I believe, ultimately, it is about happiness. Both our own personal happiness and improving the happiness of others. What is more virtuous? What is a life better lived?

So how do I define happiness?

Here’s where I’ve landed: Sustained happiness is a contrast to chosen struggle.

The happiest people I’ve met in my life are those who have faced great challenges. The vibrancy and self-assured satisfaction of life seems to be most on display in places where people have little material wealth. In people with little, who work hard every day to sustain life, yet seem to share a deep sense of happiness.

If your calibration point for happiness is observing others on Instagram, the probability of you being happy yourself is slim-to-none. Similarly, if you have lived a life of only ladders and no snakes, there is no true calibration for happiness. A better calibration point, I’d argue, is digging a ditch. Or changing an infirm elderly person’s diaper. Or teaching someone a new skill. Or forgiving someone who has wronged you.

Without the abyss, without facing the shadow self, there’s no possibility that you, the hero of your story, can ascend to the higher plane upon returning from the journey. Struggle defines being an artist, a writer, an engineer, a scientist, all intellectual pursuits, and the intellectual act of problem solving itself, whether it’s a turn of phrase or solving a complex technical problem.

In this framing, it is not the achievement of one’s goals, or thinking or philosophizing alone, that leads to happiness. Instead, happiness is achieved in the journey - in the actual doing. It is the very act of trying, of struggling, of sustained Sisyphean effort that leads to happiness. Finetuned, it is the struggle itself that defines happiness as its opposite.

And as Aristotle points out with the concept of The Mean, it is the balance of extremes and abilities in the individual that defines the appropriate struggle. That happiness is achieved in living the life that each of us is meant to live based on our skills, resources, and virtue deployed.

Objective Happiness: A life well-lived is one that is lived for more than one’s self

As I contemplated this concept of happiness as contrast to struggle, it also became clear that happiness as the chief goal means it’s an entirely subjective affair unless it’s an objectively positive-sum game. That is, if each and every one of us is playing a zero-sum or negative-sum game by working solely towards a selfish goal of happiness, then the world will, in total, be less happy than if no one was working toward ultimate happiness.

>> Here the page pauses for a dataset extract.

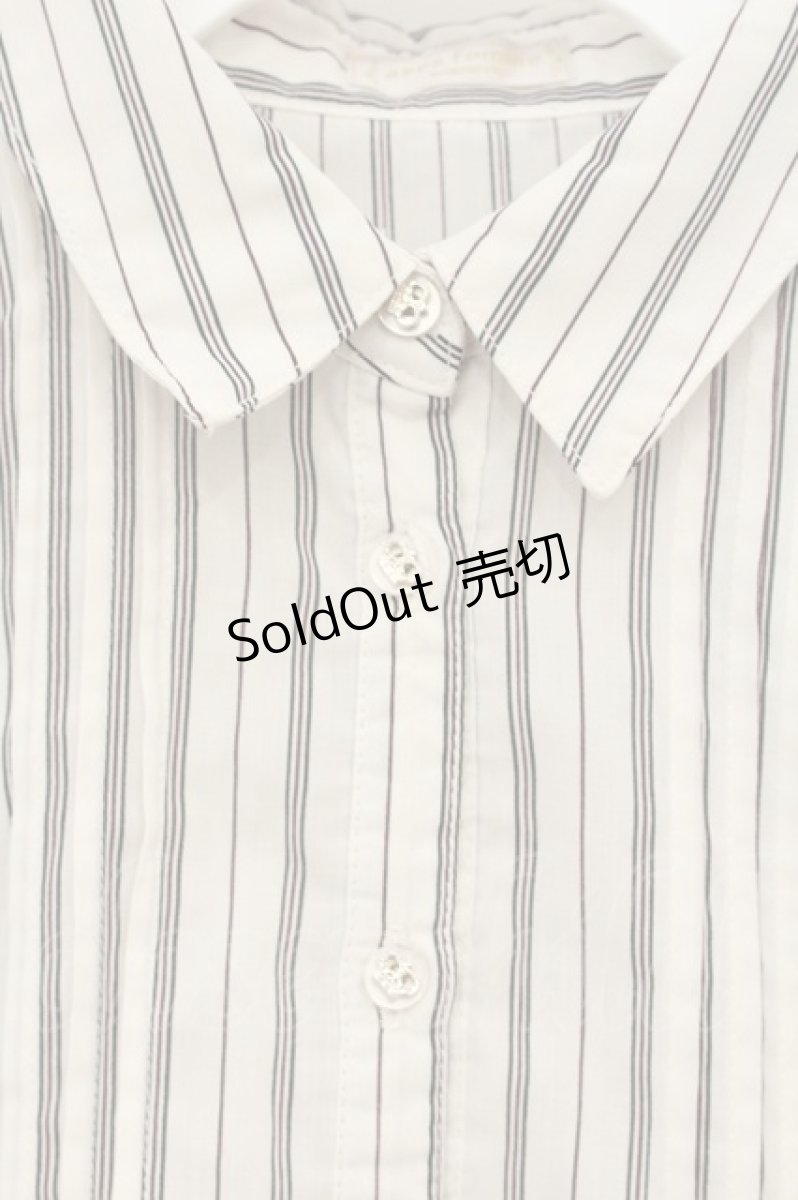 画像2: axes femme POETIQUE / ボリューム袖ブラウス M キナリ O-26-09-14-002-AX-BL-OW-OS (2)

So it follows that an objectively well-lived life is one that improves the world by virtue of the life being lived. No matter how small an increment, if your life leaves the world better than you found it, it is an objectively good life.

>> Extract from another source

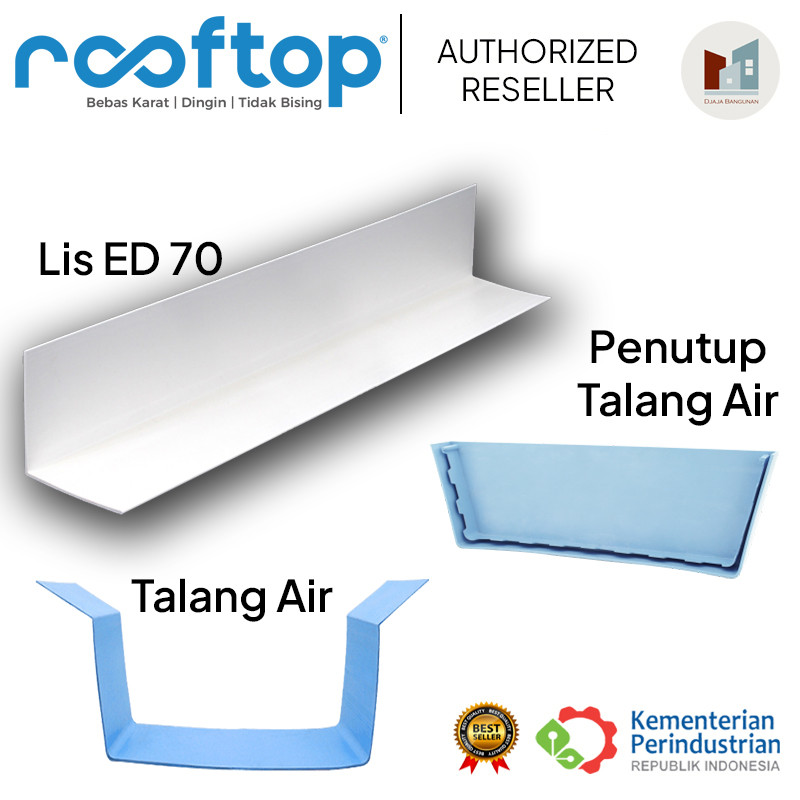 Atap - Rooftop Premium Harga termurah merk ROOFTOP  Atap uPVC bukan merk alderon, dr shield - Akseso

If you die tomorrow, is the world better off because you existed? It’s a simple yet profound question.

It’s not a challenge. Rather, it seems that if we simply live our daily lives in a way that is something less than selfish, the world will be a better place. I’d argue that all human progress since the dawn of civilization is due largely to individuals living lives that are geared more for their fellow human than for themselves. What is the best way to ensure you’re on that path?

Pursue happiness by choosing struggle over comfort, by choosing efforts that align with your superpowers, by forming relationships and teams that amplify those abilities, and by doing each of these things for the good of others.

Be water, my friend

Empty your mind.

Be formless, shapeless, like water.

You put water into a cup, it becomes the cup.

You put water into a bottle, it becomes the bottle.

You put it into a teapot, it becomes the teapot.

Now water can flow or it can crash.

Be water, my friend.

Bruce Lee is famous for Kung Fu movies. But he’s also famous for his own personal brand of martial arts and his philosophy. Being able to flow, remaining formless and adaptable, is the definition of thinking zero mass. Becoming the shape of the problem or the solution defines demanding ‘yes, if….’ Having the ability to adapt to all forms is only possible if we build aggressively for divergence. And flowing and crashing is part of life, but staying the course and supporting friends on their journey defines leading with love.